LoCa: Logit Calibration for Knowledge Distillation
This work addresses a specific issue in model compression for practitioners, but it is incremental as it builds on existing knowledge distillation techniques.
The paper tackles the problem of mis-instruction in knowledge distillation, where student models are misled by teacher logits that conflict with ground-truth labels, and proposes LoCa, a logit calibration method that corrects predictions while preserving useful dark knowledge, improving baseline performance on image classification and text generation tasks.

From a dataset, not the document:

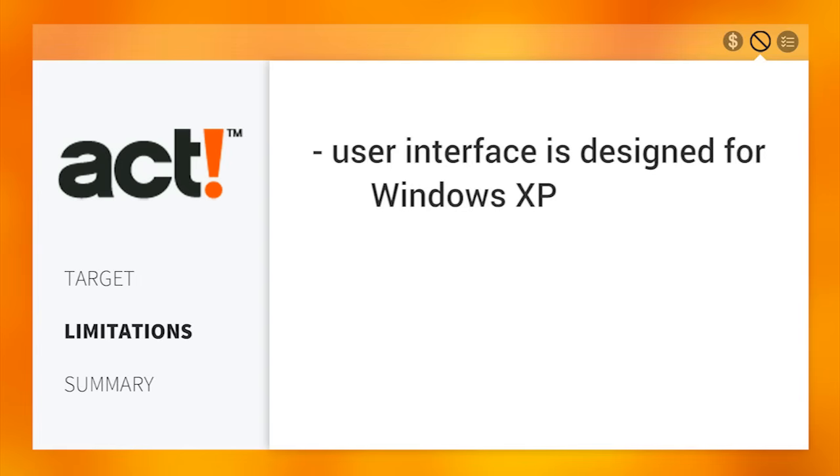It's the world's best-selling software over the past 25 years. However, the user interface still seems like it's designed for Windows XP.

Knowledge Distillation (KD), aiming to train a better student model by mimicking the teacher model, plays an important role in model compression. One typical way is to align the output logits. However, we find a common issue named mis-instruction, that the student would be misled when the predictions based on teacher logits do not follow the labels. Meanwhile, there is other useful dark knowledge in the logits such as the class discriminability, which is vital for distillation. In this paper, we propose a simple yet effective Logit Calibration (LoCa) method, which calibrates the logits from the teacher model based on the ground-truth labels. The key insight is to correct the prediction (to address the mis-instruction issue) and maintain useful dark knowledge simultaneously. Our proposed LoCa does not require any additional parameters. Empirical results on image classification and text generation tasks demonstrate that LoCa can effectively improve the performance of baselines.